Los trabajadores de la salud privada hicieron sentir ayer su malestar con una manifestación que reunió a más de 1000 empleados de los diferentes nosocomios nucleados en la Asociación de Clínicas y Sanatorios. Desde el sector se les exige a los sanatorios que abonen y cumplan con el acuerdo que posibilita un incremento del 32 por ciento en sus haberes hasta febrero próximo. No descartan reiterar la huelga para la próxima semana.
Ante la falta de respuestas por parte de la Asociación de Clínicas y Sanatorios, la Asociación de Trabajadores de la Salud (ATSA), llevó adelante ayer un paro de actividades y una ruidosa y numerosa movilización que se hizo sentir en la capital tucumana. Esta protesta se cumplió en varios sanatorios privados y luego culminó en la sede del Subsidio de Salud.

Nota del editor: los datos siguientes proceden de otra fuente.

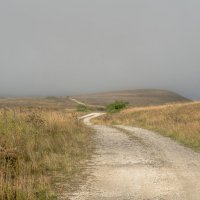 Дорога в никуда :: Константин Поляков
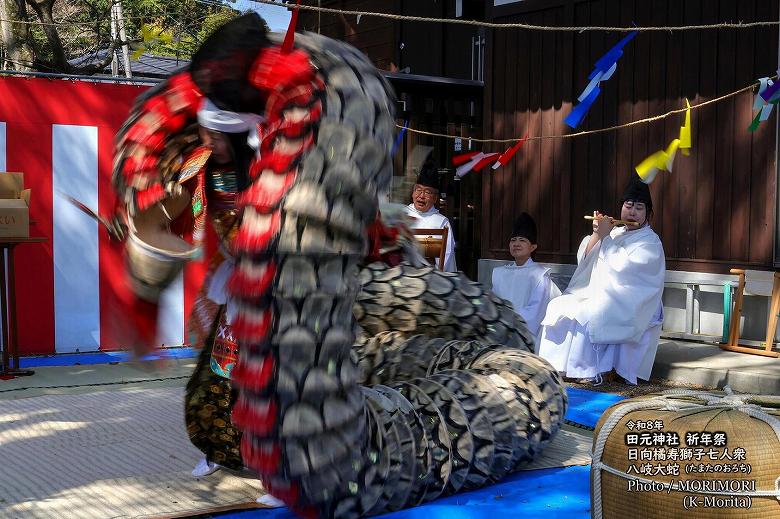 八岐大蛇(やまたのおろち)　日向橘寿獅子七人衆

Los trabajadores exigen que se cumpla con el acuerdo homologado en agosto pasado que significa un incremento escalonado del 32 por ciento hasta febrero del próximo año. La medida de fuerza consistió en una huelga sin la atención en quirófanos y consultorios externos para las obras sociales y el Subsidio de Salud.

En este sentido el titular de la Asociación de Trabajadores de la Sanidad Argentina (ATSA), René Ramírez, recordó que mantuvieron alrededor de doce reuniones con representantes de la Asociación de Clínicas y Sanatorios con el fin de destrabar el conflicto. “Nos vemos obligados a realizar la medida de fuerza porque el dialogo ha fracasado", justificó y puntualizó que "la gente del sector privado también necesita cobrar y estamos con las manos vacías".

"No se avanzó en nada porque la Asociación de clínicas y Sanatorios deja supeditado este cumplimiento al aumento de arancel de parte del Subsidio y el Subsidio ", explicó y recordó que en este contexto mientras la Asociación de Clínicas se ha declarado insolvente, el Subsidio de Salud "no quiere auxiliar a las Clínicas y Sanatorios como prestadores".